EXERCISE DIRECTIONS: Return exactly the lines from the one containing "Schlafzimmer mit Zugang zum Bad" through the last line of the records below, both included, and leave out any pictures.

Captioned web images
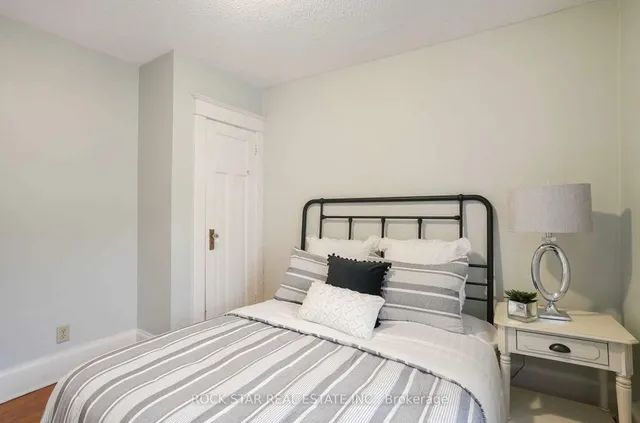 Additional image 8 of 115 Balsam Ave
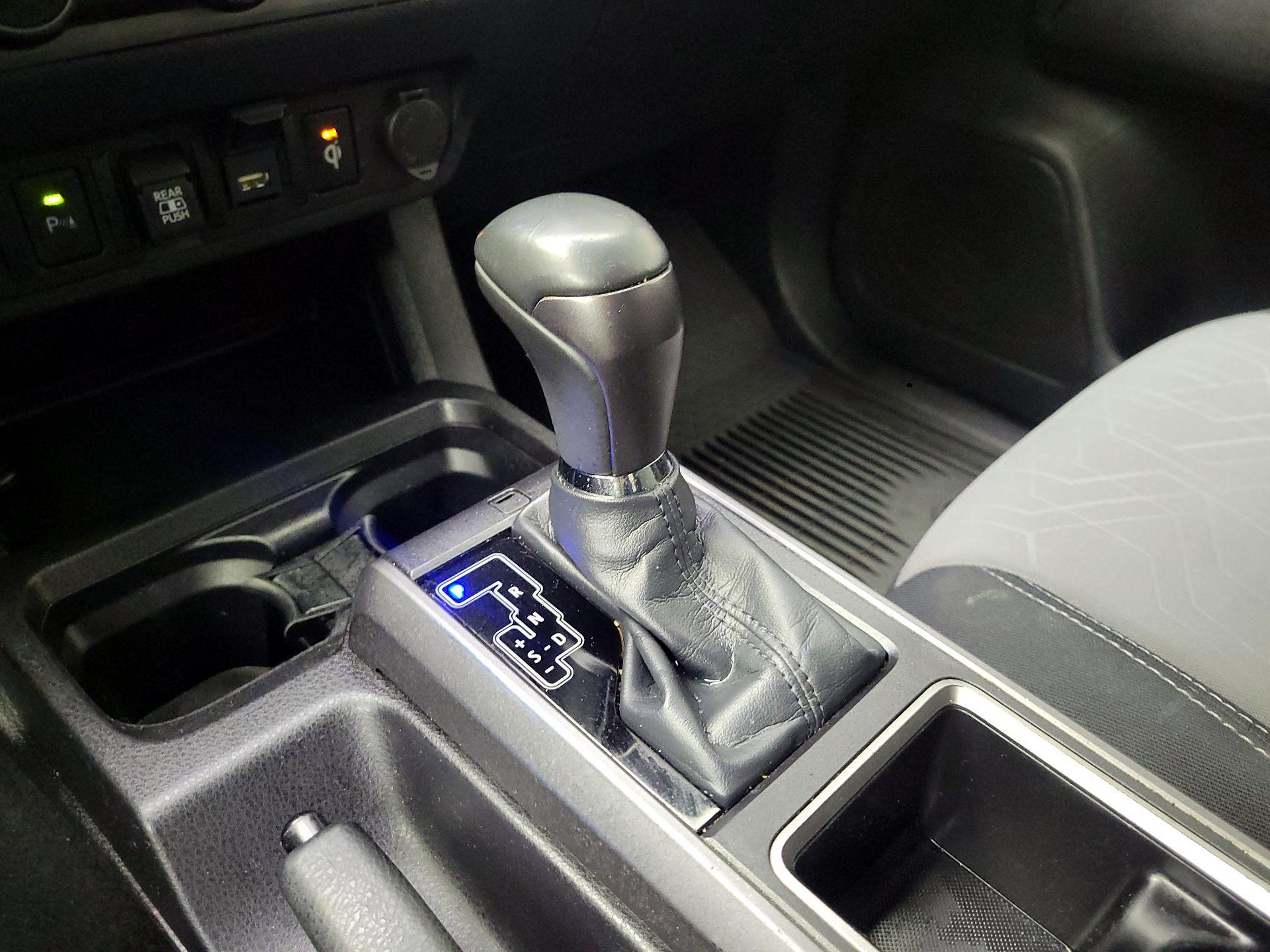 Thumbnail: 2023 Toyota Tacoma - 16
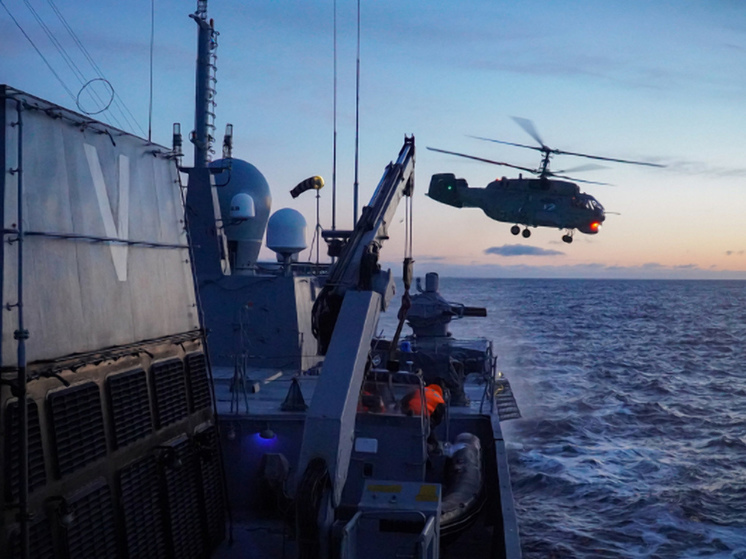 Фрегат «Адмирал Горшков» провел учения с вертолетами в Баренцевом море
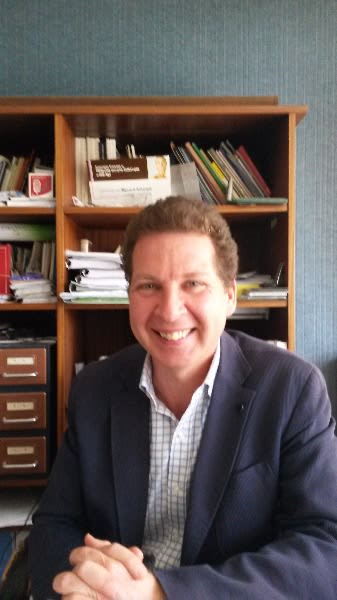 Dr Laurent LIVESCAULT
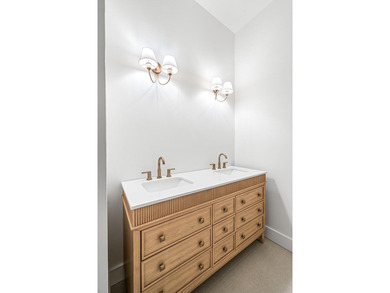 Newly built in Santa Rosa Beach, 35 K Street delivers quality - photo 27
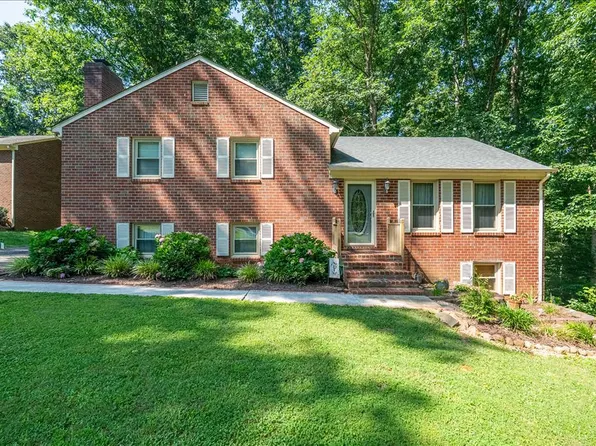 90 Catalpa Rd, Lynchburg, VA 24502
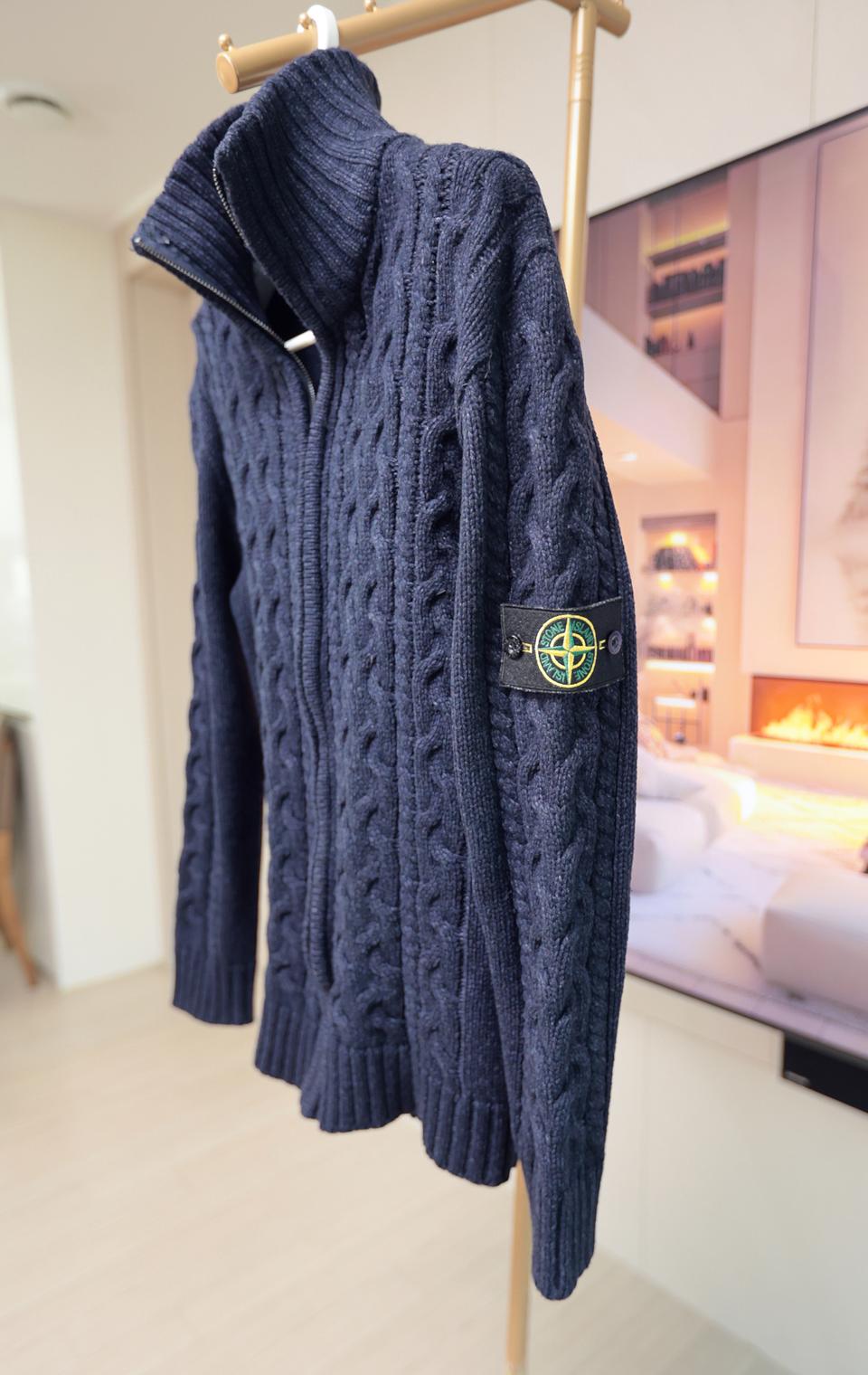 겨울 감성 스톤아일랜드 꽈배기 니트집업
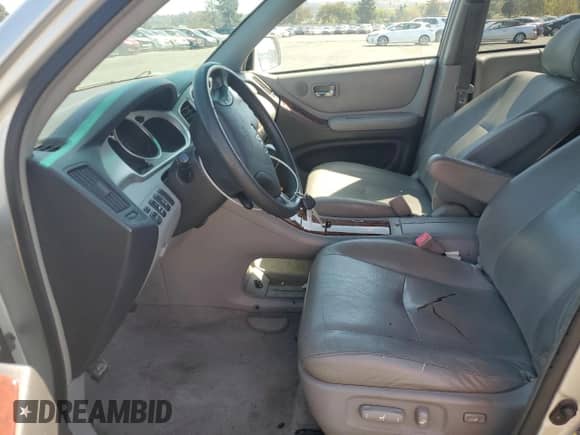 2004 Toyota Highlander с VIN JTEEP21A740022597, выставлен на аукционе Copart как лот 84035445 с пробегом 304 301 миль миль и Списание • Salvage title. История ставок и продаж доступна на DreamBid. Изображение 7.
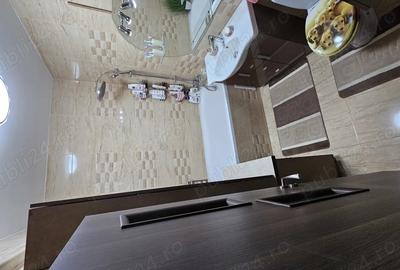 Apartament cu 3 camere decomandat în Central - 1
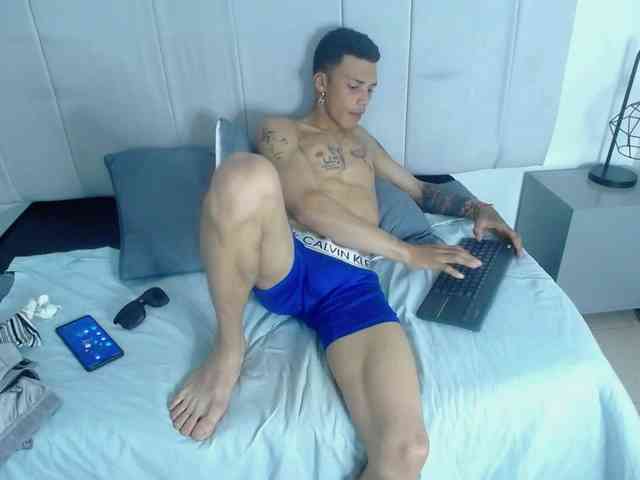 carlluck Live Webcam on BongaCams carlluck Live Webcam on BongaCams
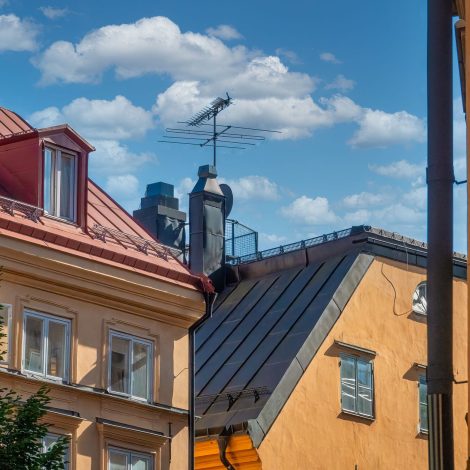 Tättbebyggd stadsmiljö i Stockholm där takläggare måste anpassa sig till både kulturhistoriska krav och begränsat utrymme.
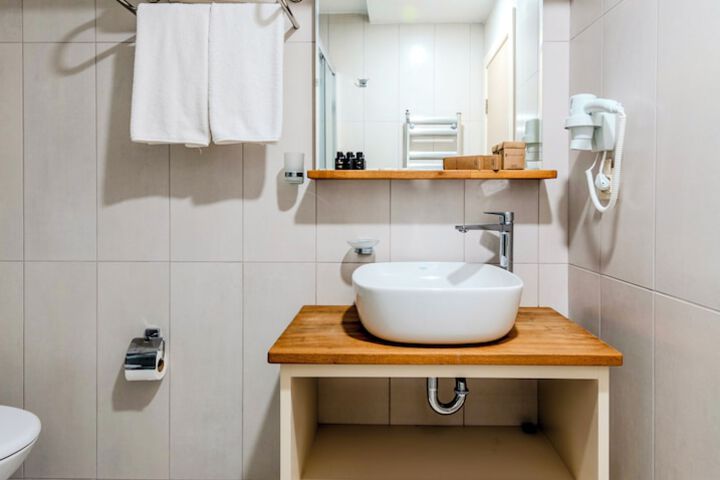 Room 143 of 170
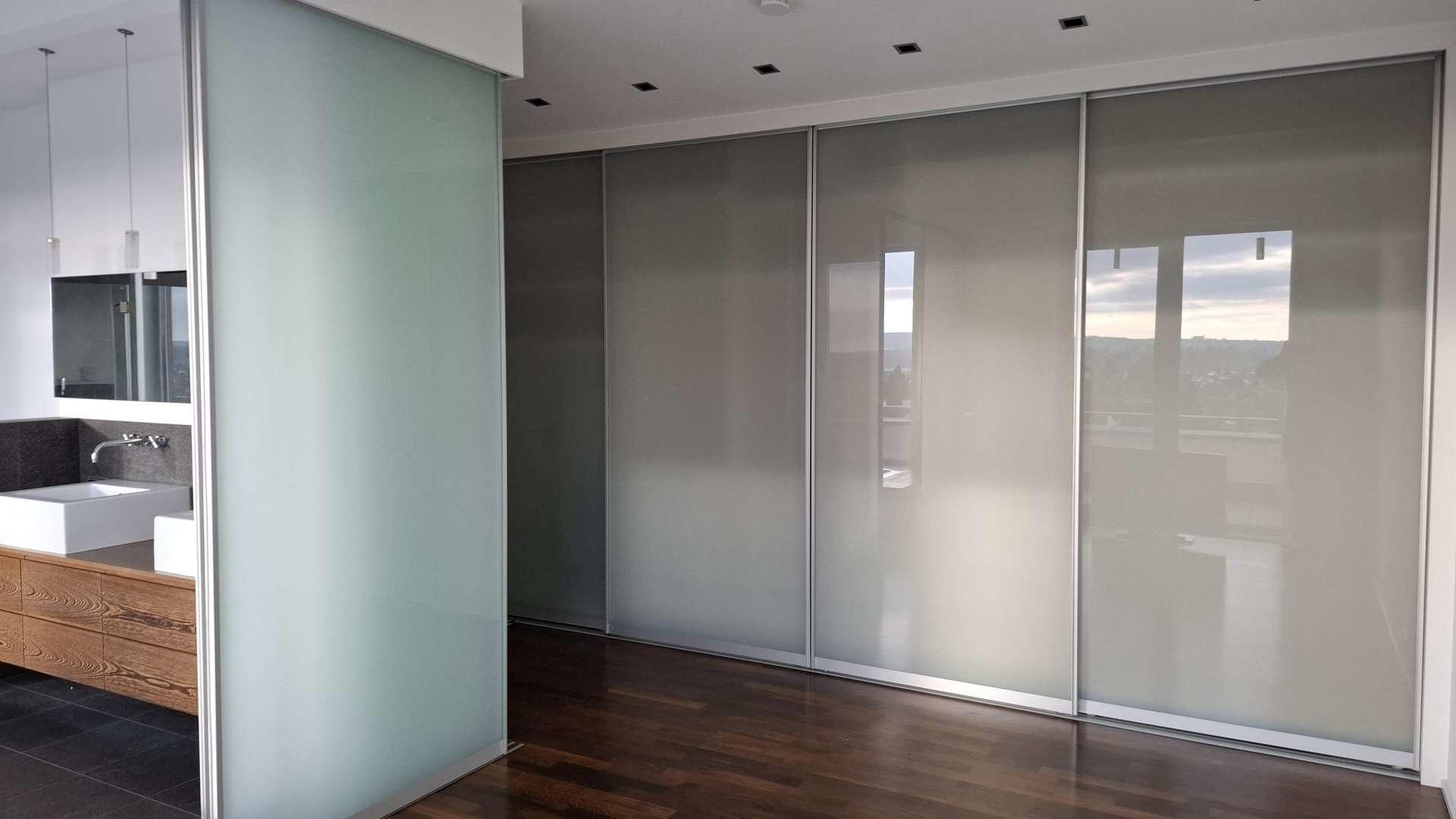 Schlafzimmer mit Zugang zum Bad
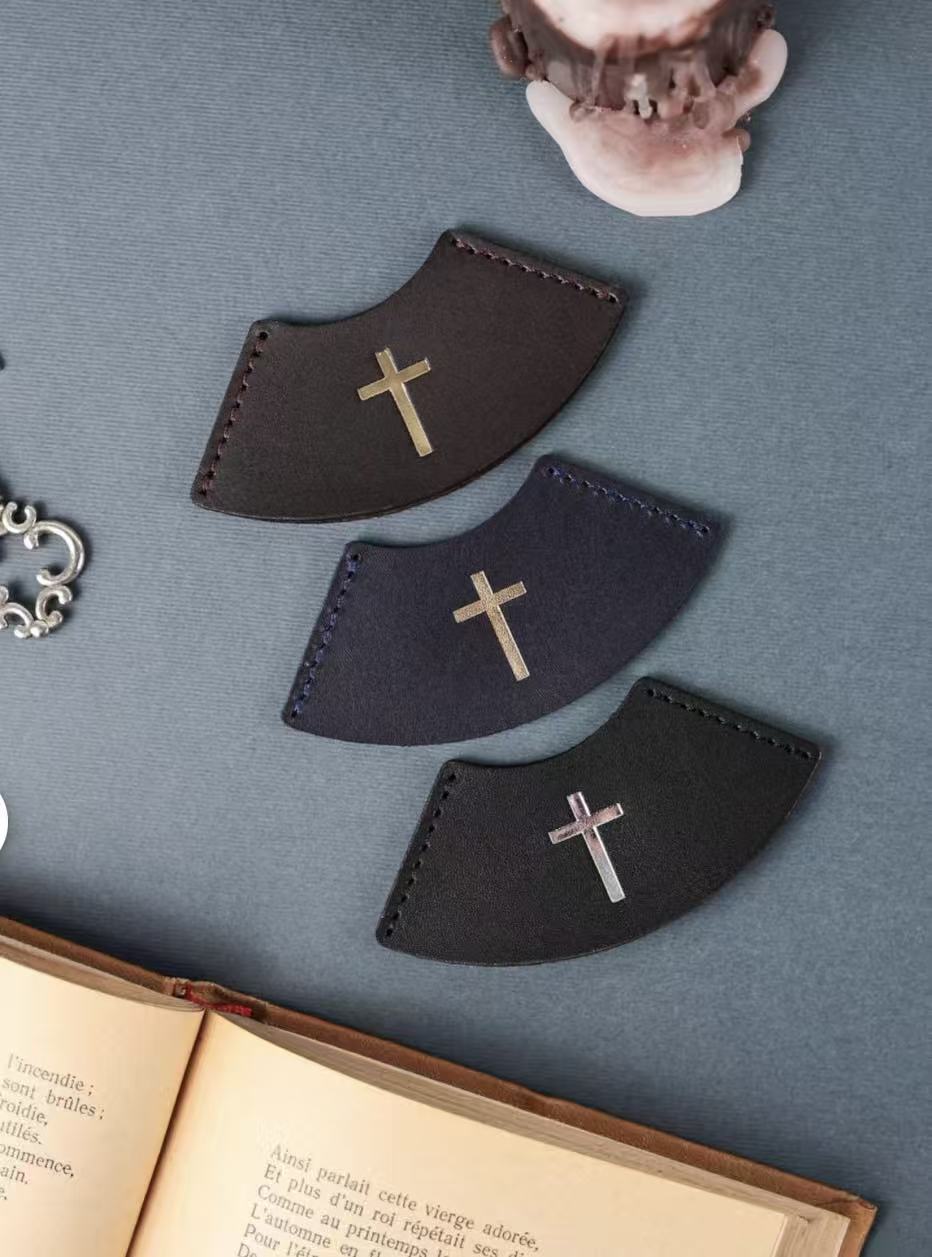 Ein Lesezeichen aus Leder mit biblischem Motiv und Kreuz, religiöses Geschenk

RESPONSE:
 Schlafzimmer mit Zugang zum Bad
 Ein Lesezeichen aus Leder mit biblischem Motiv und Kreuz, religiöses Geschenk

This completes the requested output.